Task requirements: State the number of lines in these records holding "Boutique". Say nothing more.

[[ Data provided, beginning ]]

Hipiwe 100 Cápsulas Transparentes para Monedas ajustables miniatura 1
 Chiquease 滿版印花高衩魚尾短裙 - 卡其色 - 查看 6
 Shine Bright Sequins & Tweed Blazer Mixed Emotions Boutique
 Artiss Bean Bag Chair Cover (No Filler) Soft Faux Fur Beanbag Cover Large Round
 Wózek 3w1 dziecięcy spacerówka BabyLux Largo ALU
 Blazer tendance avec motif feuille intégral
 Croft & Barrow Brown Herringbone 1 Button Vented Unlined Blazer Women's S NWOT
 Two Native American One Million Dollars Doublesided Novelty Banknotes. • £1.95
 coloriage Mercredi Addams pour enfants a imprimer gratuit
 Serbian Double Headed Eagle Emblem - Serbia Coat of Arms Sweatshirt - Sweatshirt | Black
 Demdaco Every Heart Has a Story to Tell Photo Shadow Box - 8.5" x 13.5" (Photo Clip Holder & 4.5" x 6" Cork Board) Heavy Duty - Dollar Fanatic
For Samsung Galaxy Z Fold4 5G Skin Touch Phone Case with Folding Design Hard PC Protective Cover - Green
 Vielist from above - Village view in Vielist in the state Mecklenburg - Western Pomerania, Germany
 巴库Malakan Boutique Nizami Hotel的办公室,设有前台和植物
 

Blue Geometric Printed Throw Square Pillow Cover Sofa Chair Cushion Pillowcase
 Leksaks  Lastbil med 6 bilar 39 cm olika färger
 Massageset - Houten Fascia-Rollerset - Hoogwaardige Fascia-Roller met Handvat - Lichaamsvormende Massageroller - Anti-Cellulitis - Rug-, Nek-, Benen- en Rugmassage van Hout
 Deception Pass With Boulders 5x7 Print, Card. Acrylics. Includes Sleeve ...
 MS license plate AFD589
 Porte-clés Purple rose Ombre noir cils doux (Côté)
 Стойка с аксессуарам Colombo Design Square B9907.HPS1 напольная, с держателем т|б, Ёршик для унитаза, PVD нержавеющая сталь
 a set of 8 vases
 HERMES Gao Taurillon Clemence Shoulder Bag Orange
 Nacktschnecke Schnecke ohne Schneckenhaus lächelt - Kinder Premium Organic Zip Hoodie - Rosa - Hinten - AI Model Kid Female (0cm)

[[ Data provided, end ]]

Problem solution: 2